Shown below are entries with pictures; the line with "BBS Intro 2 (1992) by Arise" through the line with "Libri di seconda" is the span to retype exactly, and the pictures stay out.

#### DATA UNDER STUDY
*** Block opens ***

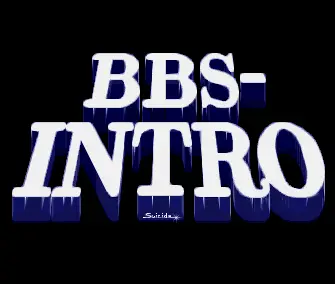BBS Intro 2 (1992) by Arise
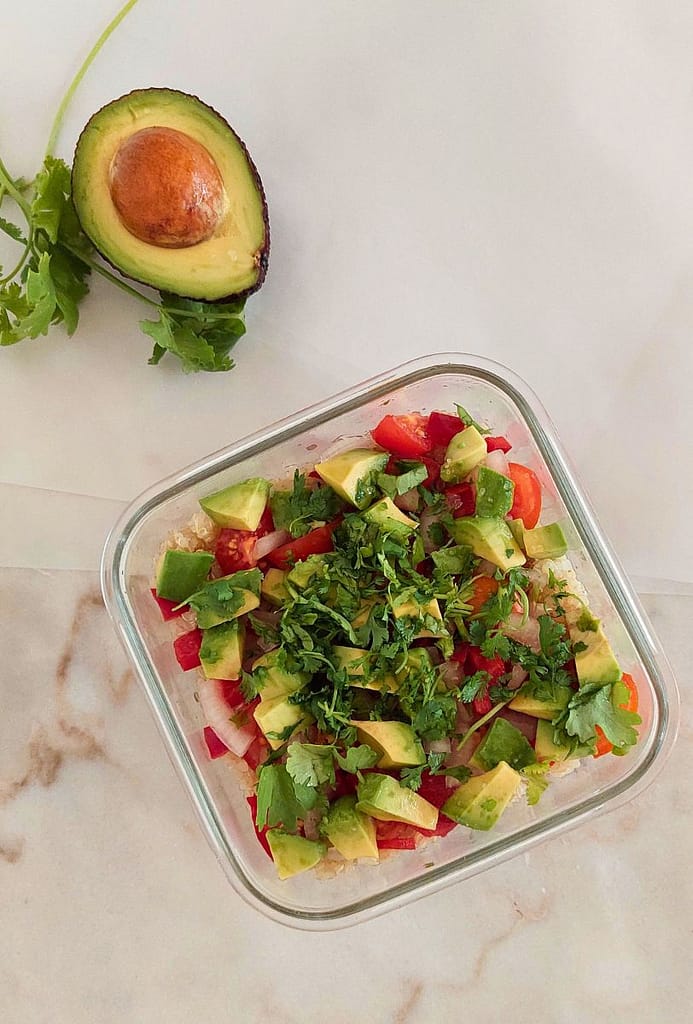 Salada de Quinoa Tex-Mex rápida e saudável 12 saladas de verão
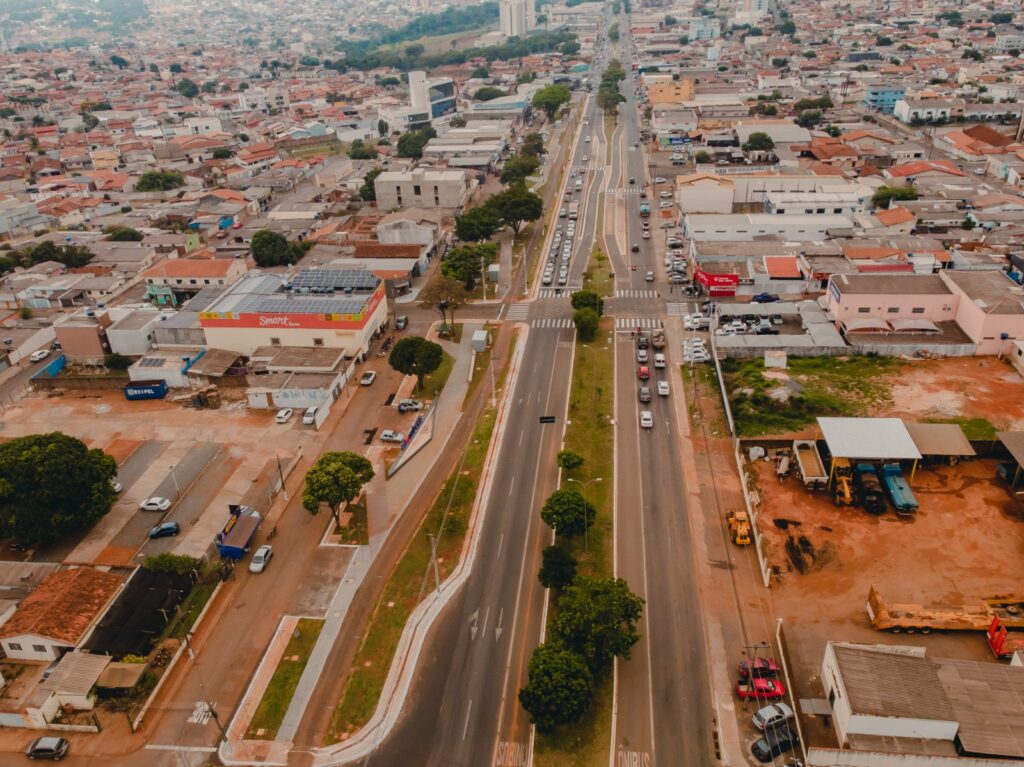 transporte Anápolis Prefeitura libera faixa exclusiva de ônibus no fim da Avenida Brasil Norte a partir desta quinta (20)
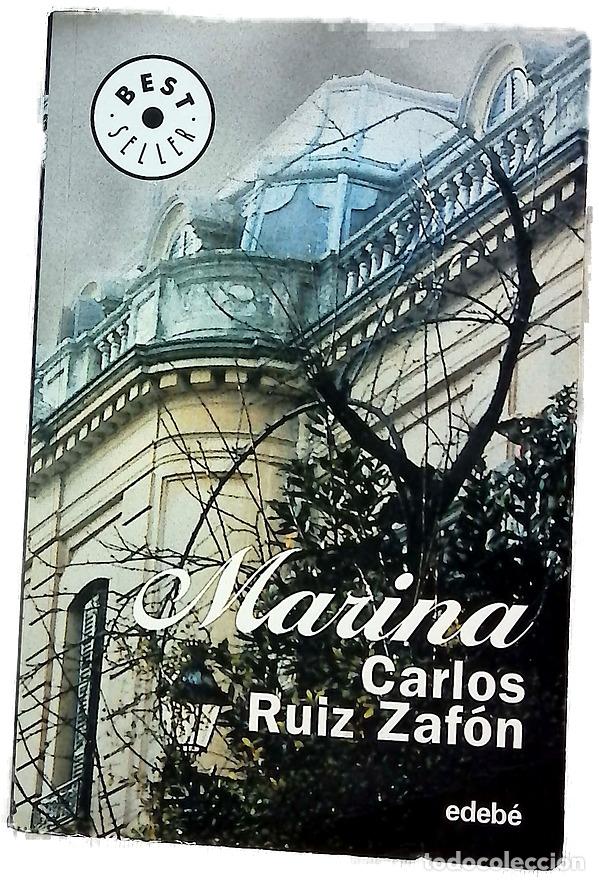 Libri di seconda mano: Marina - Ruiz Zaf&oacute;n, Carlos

*** Block closes ***
*** Block opens ***

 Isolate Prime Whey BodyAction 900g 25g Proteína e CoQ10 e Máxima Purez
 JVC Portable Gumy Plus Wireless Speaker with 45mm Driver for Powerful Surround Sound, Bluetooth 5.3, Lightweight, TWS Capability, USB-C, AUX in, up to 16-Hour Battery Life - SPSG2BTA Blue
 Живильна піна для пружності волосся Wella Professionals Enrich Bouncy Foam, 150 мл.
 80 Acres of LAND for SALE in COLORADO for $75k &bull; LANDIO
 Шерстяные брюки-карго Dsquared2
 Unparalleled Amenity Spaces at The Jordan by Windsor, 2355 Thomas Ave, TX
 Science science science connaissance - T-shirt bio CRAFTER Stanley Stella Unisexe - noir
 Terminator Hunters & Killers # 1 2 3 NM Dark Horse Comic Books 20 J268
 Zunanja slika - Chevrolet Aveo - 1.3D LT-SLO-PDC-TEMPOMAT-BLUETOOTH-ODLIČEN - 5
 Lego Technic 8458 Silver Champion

*** Block closes ***
*** Block opens ***

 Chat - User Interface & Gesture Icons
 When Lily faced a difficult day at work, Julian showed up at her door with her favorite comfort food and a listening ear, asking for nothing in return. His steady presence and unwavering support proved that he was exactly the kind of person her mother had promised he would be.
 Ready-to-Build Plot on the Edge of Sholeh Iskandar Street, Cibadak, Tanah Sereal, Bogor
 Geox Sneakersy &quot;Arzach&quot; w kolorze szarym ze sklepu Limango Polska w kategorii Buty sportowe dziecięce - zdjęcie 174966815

*** Block closes ***

#### OUTPUT FOR THIS EXERCISE
BBS Intro 2 (1992) by Arise
 Salada de Quinoa Tex-Mex rápida e saudável 12 saladas de verão
 transporte Anápolis Prefeitura libera faixa exclusiva de ônibus no fim da Avenida Brasil Norte a partir desta quinta (20)
 Libri di seconda mano: Marina - Ruiz Zaf&oacute;n, Carlos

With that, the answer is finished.